Why gov’t framed up SWP,
union fighters in 1941
(Books of the Month column)
 
Below is an excerpt from “The 50-year Domestic Contra Operation,” an article from issue six of New International magazine. The Spanish translation, a booklet titled 50 años de guerra encubierta, is one of Pathfinder’s Books of the Month for February. It describes the history of U.S. government spying and harassment against the labor, Black, antiwar, and other social movements. It also explains the victory for democratic rights won in 1986 through a lawsuit brought by the Socialist Workers Party against FBI spying and disruption. The piece below is on the government’s frame-up of leaders of the Socialist Workers Party and Minneapolis Teamster union militants under the Smith Act in 1941. Copyright © 1987 by Pathfinder Press. Reprinted by permission.

BY LARRY SEIGLE  
In 1941 the Roosevelt administration, working in concert with the top International officials of the Teamsters, moved against the class-struggle leadership of the Minneapolis Teamsters. This leadership had refused to retreat from its position that labor must organize itself and set its priorities independent of the needs and prerogatives of the capitalist government and political parties. It continued to argue for the formation of a labor party based on the unions. It defended the colonial freedom struggle and championed the fight for the rights of oppressed nationalities in the United States. And it fought every move to sap the power of the labor movement by bringing unions under the control of government agencies.

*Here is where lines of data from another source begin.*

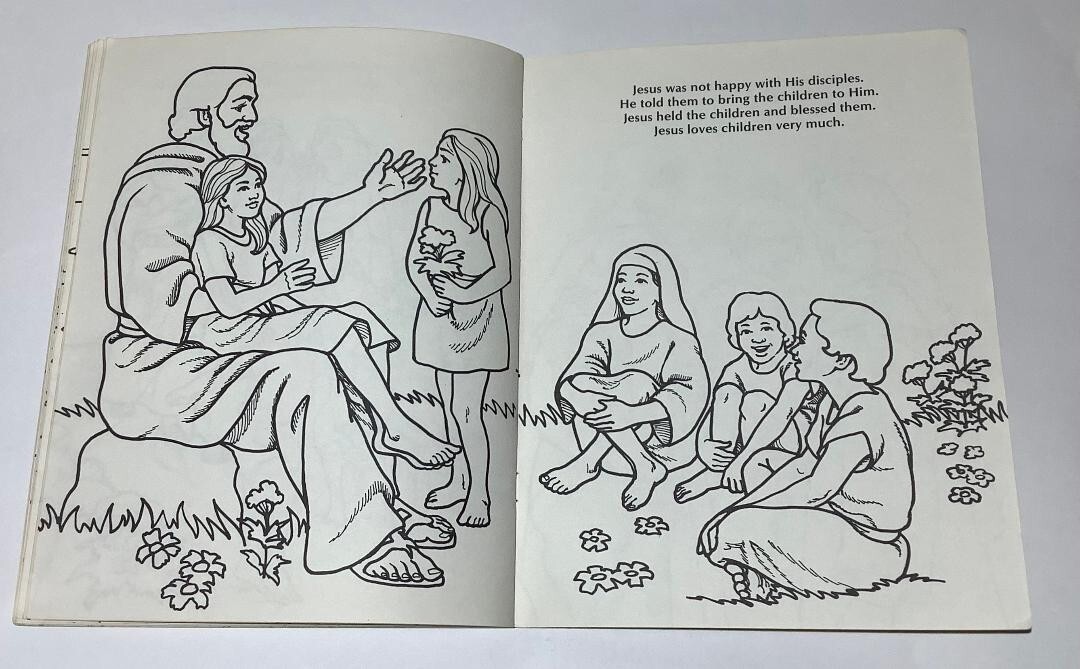Vintage Life of Jesus Bible Story Coloring Book Warner Press 1988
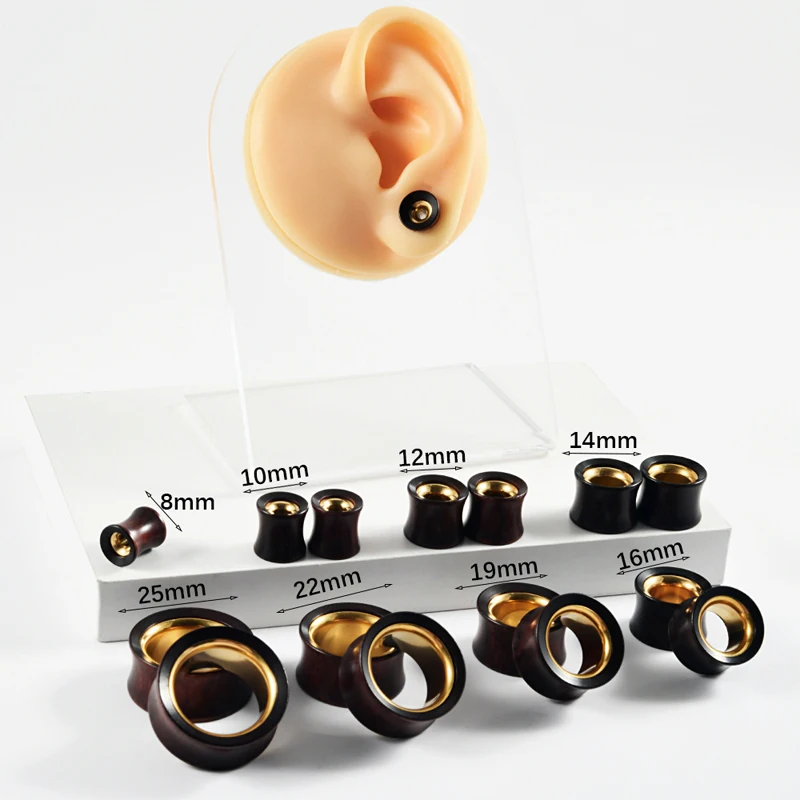 Wholesale Hollow Gold Stainless Steel Sandalwood Two Tone Ear Tunnel Plug Double Flared Expander Gauges Piercing Body Jewelry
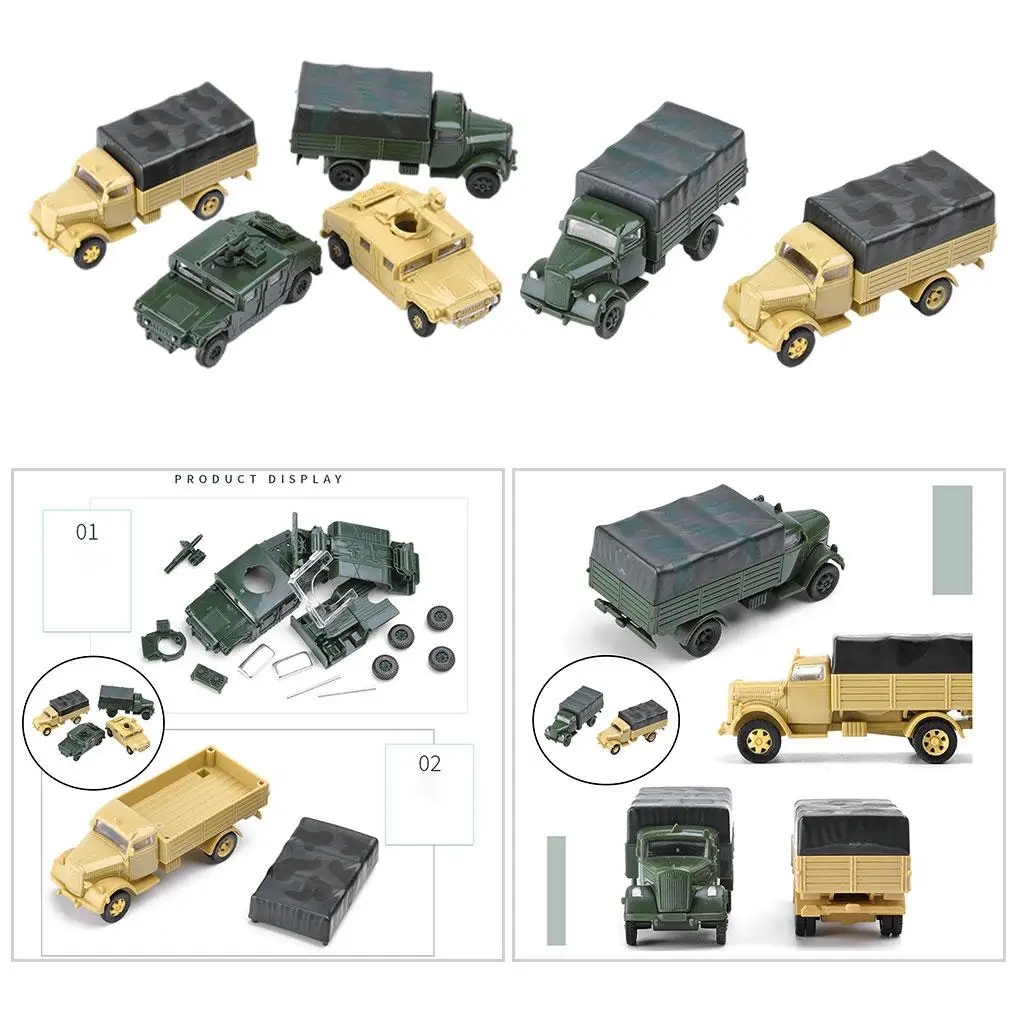 

6Pcs 1:72 4D Assemble Truck Educational Toy Plastic Table Toy Car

The legal centerpiece of the Roosevelt administration’s antilabor offensive was the use for the first time of the Smith Act, which had been adopted in 1940. For the first time in the United States since the Alien and Sedition Acts of 1798, this gag law made the expression of ideas a crime.

In June 1941, FBI agents and U.S. marshals raided the branch offices of the Socialist Workers Party in St. Paul and Minneapolis. They hauled away cartons of communist literature from the bookstores and libraries on the premises.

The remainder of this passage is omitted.